The permanent collection remains hanging on the gallery walls. Conservators are not present in person but the collection has been safeguarded by 24-hour security during the pandemic.

Exhibitions are not the only thing disrupted by COVID-19. The pandemic also affected plans for a return art trip to Cuba for the Cuban Biennale. A 2019 trip generated enough interest that the 2020 trip was on track to sell out before the pandemic hit.

Key said he looks forward to when he can resume planning arts education trips.

With the pandemic, Key and the Arts Program directors had to pivot their focus. They have been hard at work on the longer-term project of digitizing the university’s nearly 3,000 works of art. That has meant planning photo shoots of some works and finding existing professional shots of others then uploading images into collection software while ensuring that the text describing each work is accurate.

With help from IT technicians, Key and his colleagues have been learning new computer software programs. When the building reopens, they will confirm the sizes, media, and key characteristics they must know in order to virtually present the works—and their artists—to the general public.

Until then, Key recommended that people who are exploring art online pay attention to the virtual events produced by the Smithsonian Institution, local Maryland galleries, and David C. Driskell Center for the Study of the Visual Arts and Culture of African Americans and the African Diaspora at University of Maryland. He said Driscoll’s legacy, in particular, stands out for him.

He also encouraged art lovers to hang onto emails about exhibitions. “Keep them as a reference. Then go to the institutions to see the actual works when those organizations reopen,” he said. “Seeing the emails will only pique your interest in seeing the work in person.”   

Key said virtual exhibitions where viewers click on arrows that help them “walk” through galleries have not provided him with the closeness to art he seeks.
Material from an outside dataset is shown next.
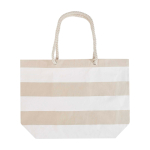 Sac de plage en coton recyclé avec anses en corde 270 g/m² couleur blanc deuxième vue frontale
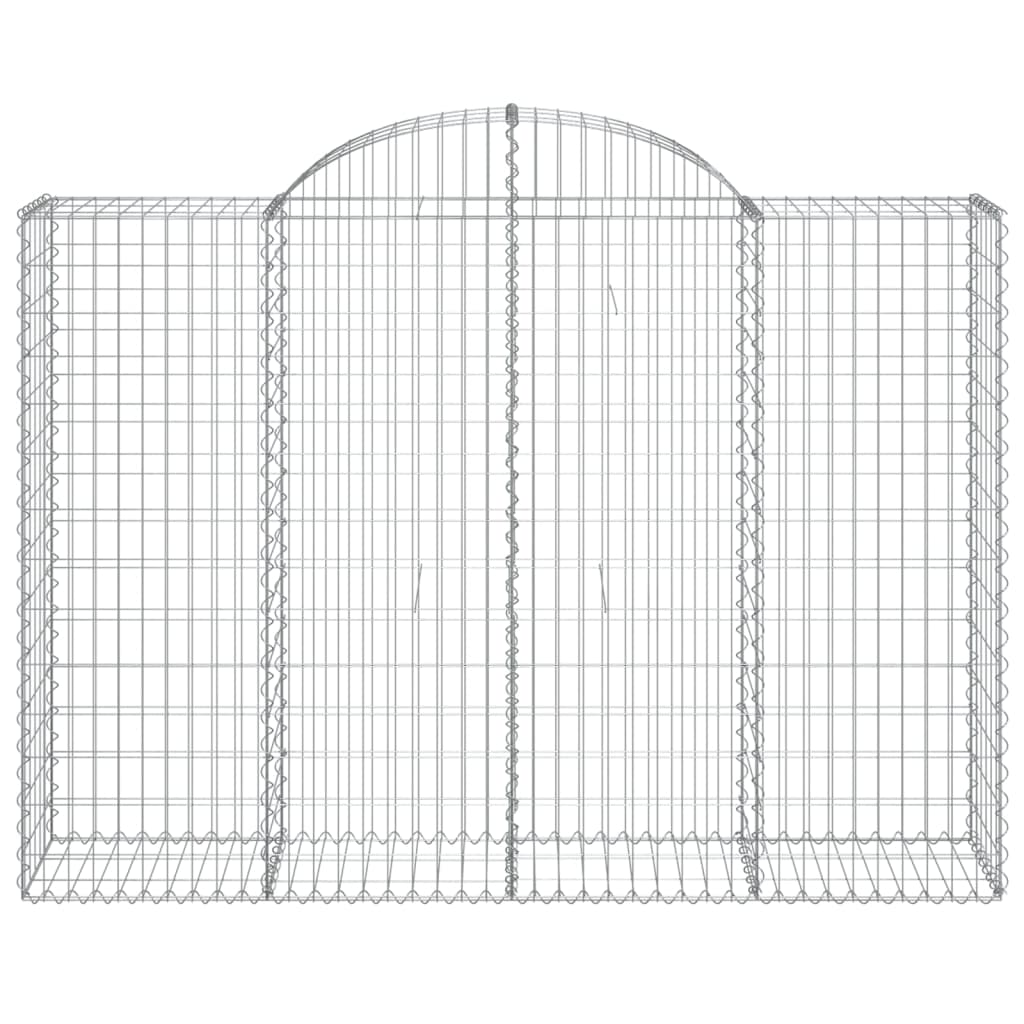 vidaXL Arched Gabion Basket 200x50x140/160 cm Galvanised Iron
He tried a virtual walk-through with Hauser & Wirth gallery’s Amy Sherald exhibit. Sherald famously painted former first lady Michelle Obama for the National Portrait Gallery.

“I was more interested to get to the pieces so I could see them, but even looking at a piece, I felt a distance from it. I didn’t feel a closeness to it,” Key said. “As much as I respect the intent of the gallery to show the work, I couldn’t see the brushstrokes. I couldn’t see the details that I would look at in person.”

It is impossible for Key to predict when the UMGC galleries will reopen. Once the university deems it safe to do so, the Arts Program will begin planning its postponed exhibition as well as future shows and programs.

“Personally, and as the director of the program, I was obviously very disappointed that people didn’t have access to the art,” Key said. People who frequent art galleries, including members of the UMGC arts community, have told Key they missed that access.

Even people who are not regular gallery visitors said they missed having contact with art.

“On a larger scale, we take art for granted, but it really does serve a higher meaning and a higher calling in the community,” Key said. “We’ve always known that art had its place. This just validates that it does.”